If you’re looking for a stable investment that earns a tax-free return, consider investing in tax-exempt bonds.

Tax-exempt bonds are financial instruments that help local governments borrow money. For instance, if Austin, Texas, needs cash to build new environmentally friendly water plants, it can borrow from individual investors by selling bonds. The investors lend their money to the city, and in exchange, the city agrees to pay the loan back with interest. It’s a win-win situation. Austin gets new utilities, and investors get a low-risk return on their investment.

Local governments, like the one in Austin, get a helping hand from the federal government. Because Congress wants to encourage private investment in local government projects, the interest payments that investors receive from most local government borrowing is not taxed.
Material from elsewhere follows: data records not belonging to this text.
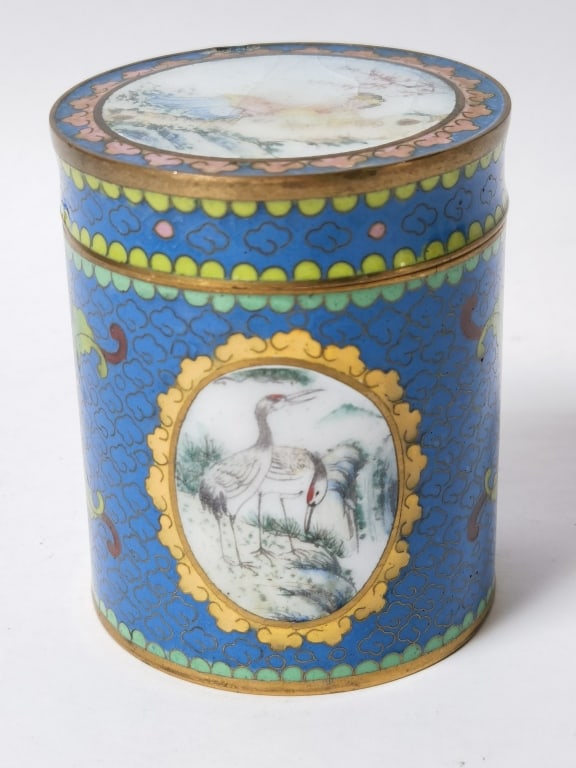 Chinese Cloisonné & Enamel over Bronze Jar (1 of 4)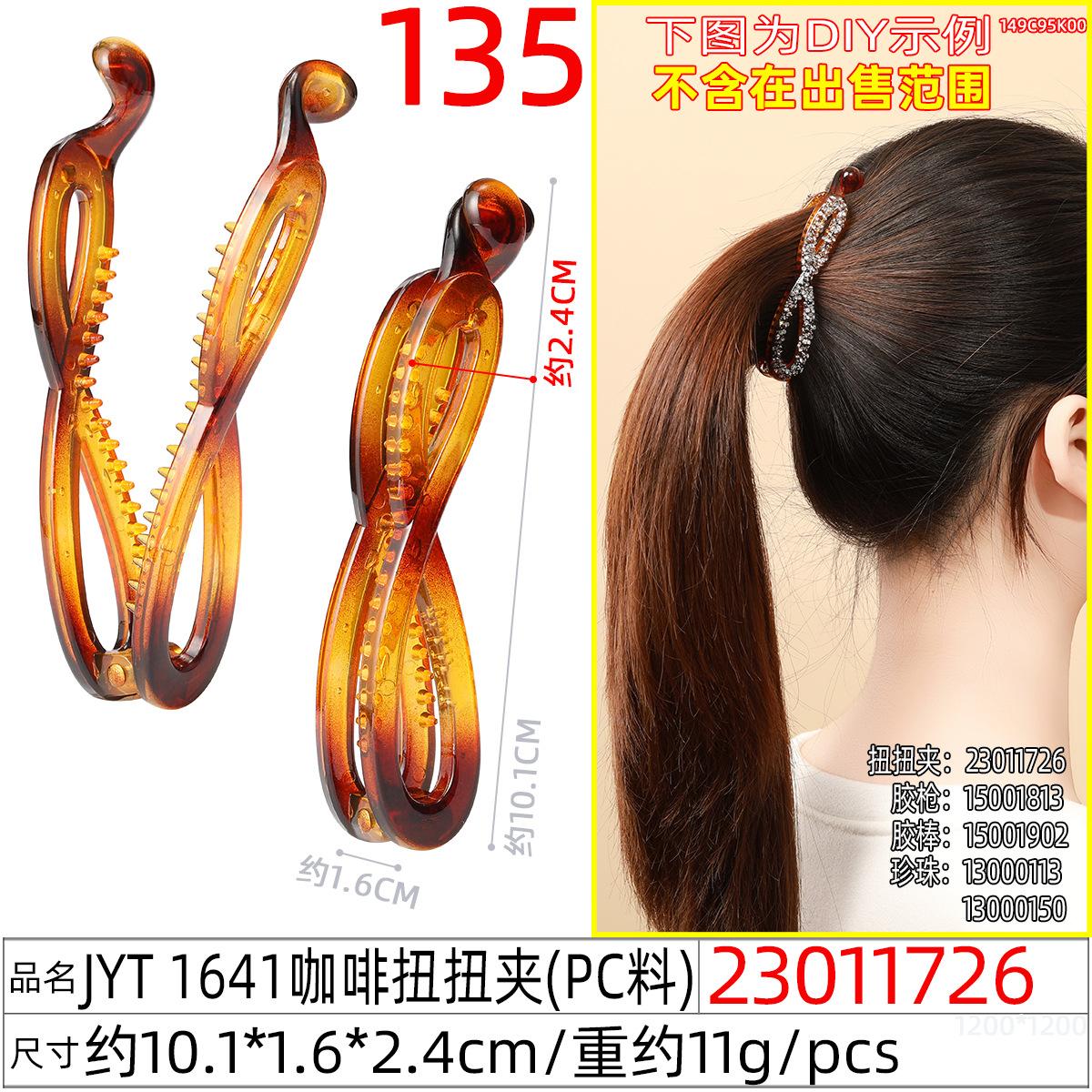 23011726#JYT 1641咖啡扭扭夹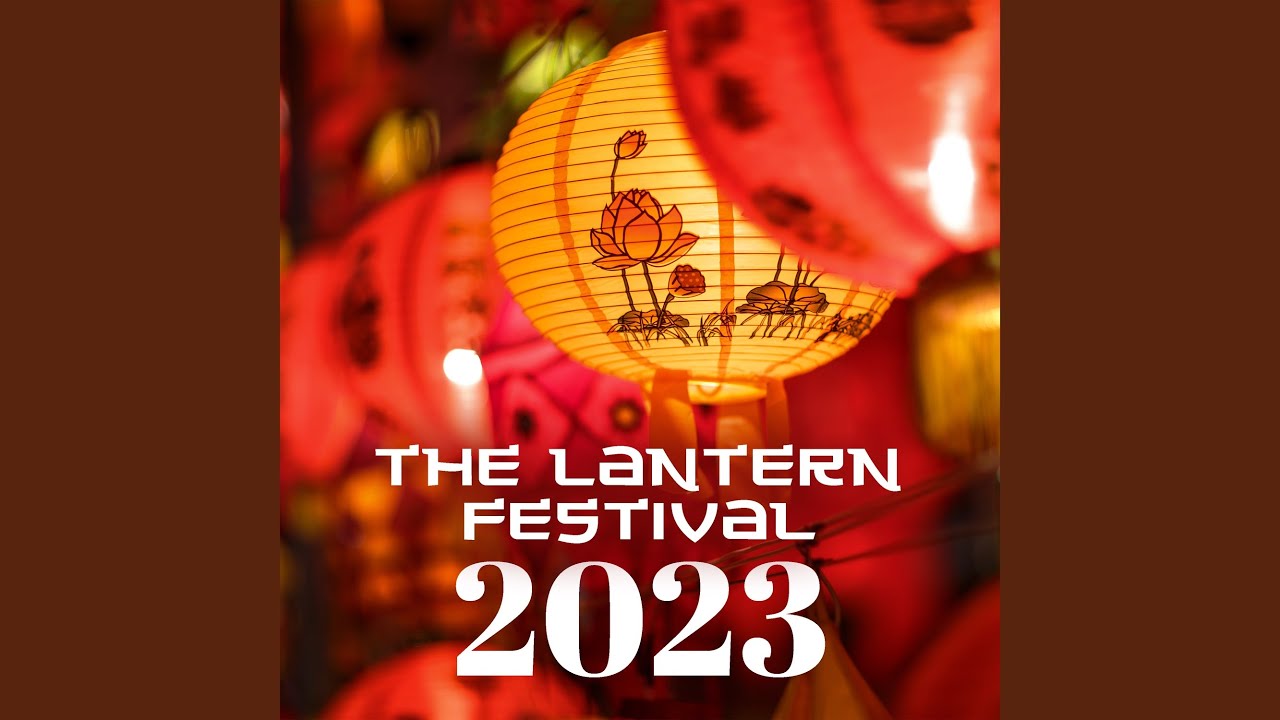 上元節 &ndash; Shangyuan Festival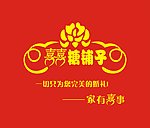 囍糖铺子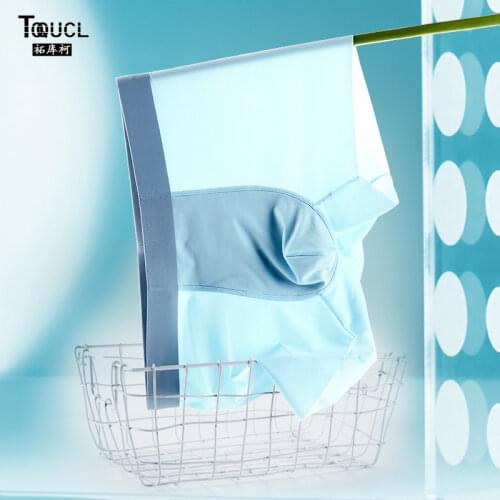 TOQUCL Men's Seamless Underpants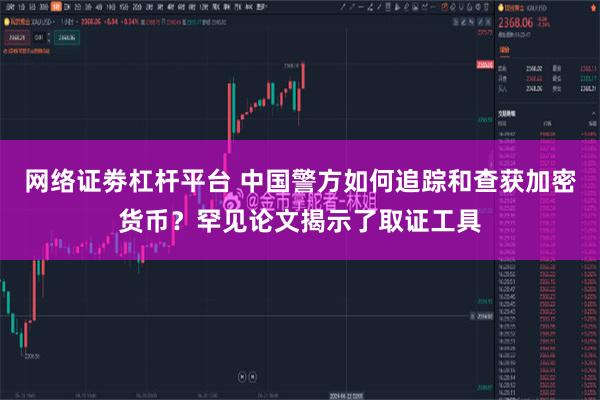 网络证劵杠杆平台 中国警方如何追踪和查获加密货币?罕见论文揭示了取证工具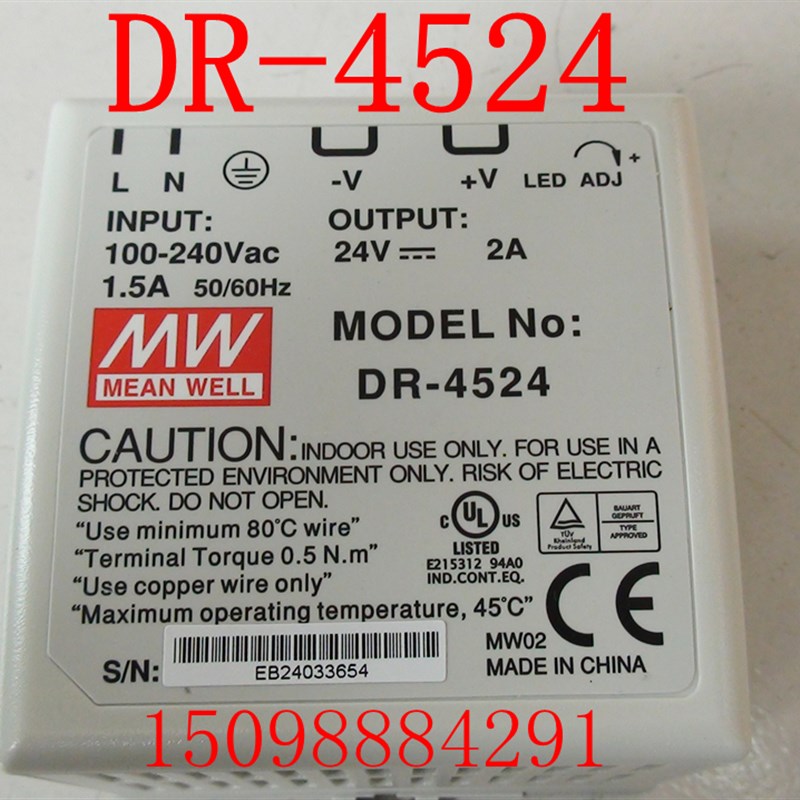 台湾明纬开关电源 DR-4524 24V2A 导轨安装电源 DR-45-24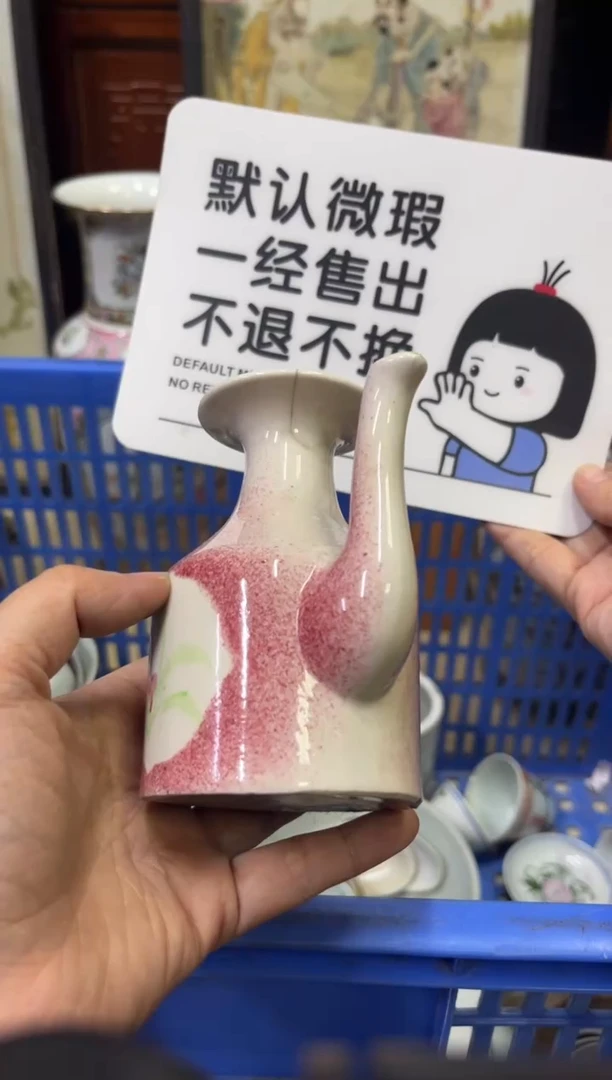 瓷器过*【不退不换直播闪购】瓷器微瑕介意勿拍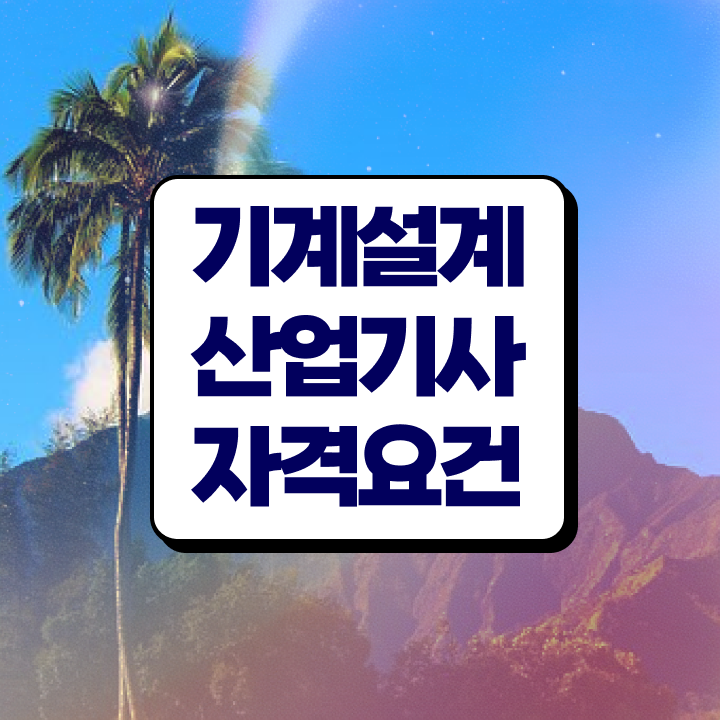  기계설계산업기사 cbt 기계설계산업기사 자격요건 온라인 수업으로 4달만에 성공한 팁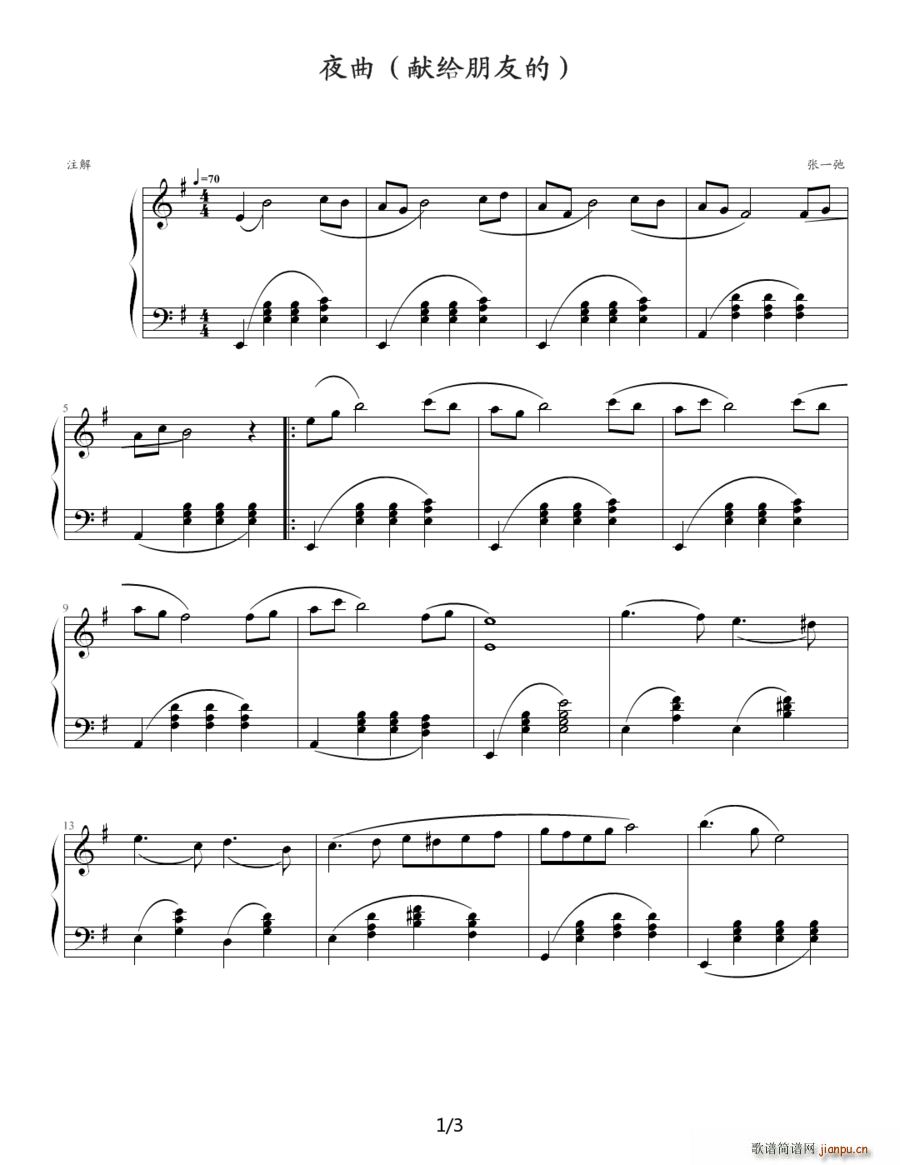 夜曲(献给朋友的)1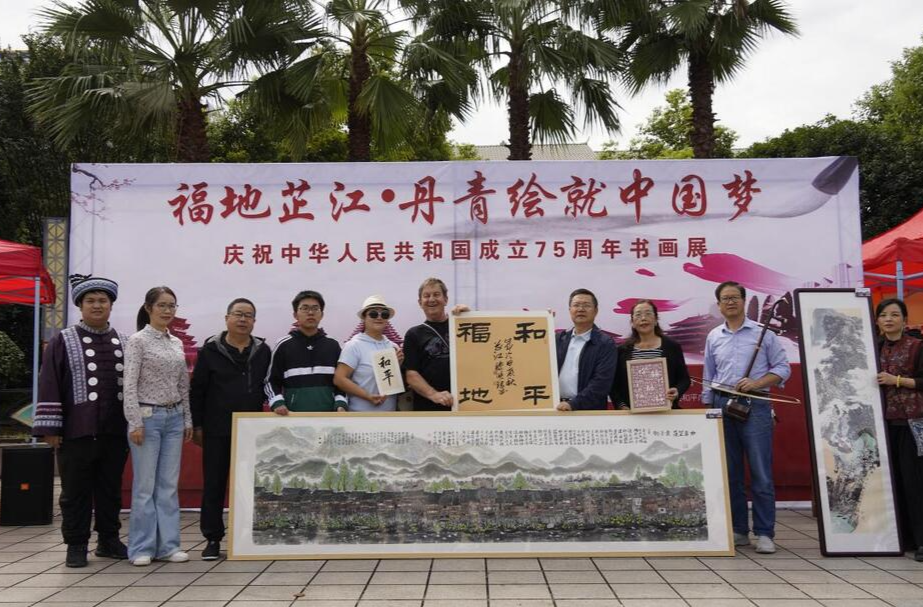 福地芷江：书画展风采 共庆祖国华诞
Although it must be reported on your Form 1040, tax-exempt bond interest is not included in your taxable income—hence the name, “tax-exempt bonds.”

There is an additional perk. Most tax-exempt bond interest escapes not only the ordinary income tax but the alternative minimum tax as well.

Of course, not all bonds are tax-exempt. Interest on federal bonds, like the popular Series EE and Series I savings bonds, is fully taxable. In addition, corporate bonds, like those issued by Ford (Stock Quote: F) or General Electric (Stock Quote: GE) don’t directly benefit the general public, so investors who buy them receive no special treatment. Likewise, if a local government issues bonds and uses the money for a non-public purpose, interest that investors receive from the bonds will be taxable. How can you tell the difference? Your investment advisor or online service will tell you which bonds are tax-exempt, which ones are not, and which ones must be counted for the alternative minimum tax.

So, Are Tax-Exempt Bonds a Good Investment for You?
When deciding whether to invest in state or local bonds, you should consider a number of things. First, do you really need a tax exemption? If you are investing inside of a tax-free account, like an IRA or a health savings account, buying tax-exempt bonds doesn’t make sense. Because of the savings that they offer, tax-exempt bonds usually pay less interest than taxable ones.